BEGIN GIVEN INFORMATION

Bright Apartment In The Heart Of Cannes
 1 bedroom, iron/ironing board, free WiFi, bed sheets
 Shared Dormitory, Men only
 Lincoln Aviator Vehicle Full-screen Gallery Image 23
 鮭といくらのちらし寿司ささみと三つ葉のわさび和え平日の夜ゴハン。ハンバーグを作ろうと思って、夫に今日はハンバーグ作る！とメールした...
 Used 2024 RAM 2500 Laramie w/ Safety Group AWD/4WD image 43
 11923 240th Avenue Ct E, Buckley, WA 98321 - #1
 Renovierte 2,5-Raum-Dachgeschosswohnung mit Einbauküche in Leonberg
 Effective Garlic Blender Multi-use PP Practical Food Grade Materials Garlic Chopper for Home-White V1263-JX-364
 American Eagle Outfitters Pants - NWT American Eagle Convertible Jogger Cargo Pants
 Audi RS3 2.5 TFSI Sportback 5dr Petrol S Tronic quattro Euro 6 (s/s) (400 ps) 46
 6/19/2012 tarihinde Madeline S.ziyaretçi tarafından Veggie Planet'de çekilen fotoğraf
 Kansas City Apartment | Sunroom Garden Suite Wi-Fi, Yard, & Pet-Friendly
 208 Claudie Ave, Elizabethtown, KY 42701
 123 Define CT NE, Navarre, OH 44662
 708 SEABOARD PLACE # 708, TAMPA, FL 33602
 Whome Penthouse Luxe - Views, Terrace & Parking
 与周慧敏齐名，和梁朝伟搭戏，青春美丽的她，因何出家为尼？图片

END GIVEN INFORMATION

▸ WHAT NEEDS TO BE DONE
Nothing but the lines from the line containing "Shared Dormitory, Men only" through the final line of the entries should appear in your answer, copied exactly.

▸ WRITTEN SOLUTION
 Shared Dormitory, Men only
 Lincoln Aviator Vehicle Full-screen Gallery Image 23
 鮭といくらのちらし寿司ささみと三つ葉のわさび和え平日の夜ゴハン。ハンバーグを作ろうと思って、夫に今日はハンバーグ作る！とメールした...
 Used 2024 RAM 2500 Laramie w/ Safety Group AWD/4WD image 43
 11923 240th Avenue Ct E, Buckley, WA 98321 - #1
 Renovierte 2,5-Raum-Dachgeschosswohnung mit Einbauküche in Leonberg
 Effective Garlic Blender Multi-use PP Practical Food Grade Materials Garlic Chopper for Home-White V1263-JX-364
 American Eagle Outfitters Pants - NWT American Eagle Convertible Jogger Cargo Pants
 Audi RS3 2.5 TFSI Sportback 5dr Petrol S Tronic quattro Euro 6 (s/s) (400 ps) 46
 6/19/2012 tarihinde Madeline S.ziyaretçi tarafından Veggie Planet'de çekilen fotoğraf
 Kansas City Apartment | Sunroom Garden Suite Wi-Fi, Yard, & Pet-Friendly
 208 Claudie Ave, Elizabethtown, KY 42701
 123 Define CT NE, Navarre, OH 44662
 708 SEABOARD PLACE # 708, TAMPA, FL 33602
 Whome Penthouse Luxe - Views, Terrace & Parking
 与周慧敏齐名，和梁朝伟搭戏，青春美丽的她，因何出家为尼？图片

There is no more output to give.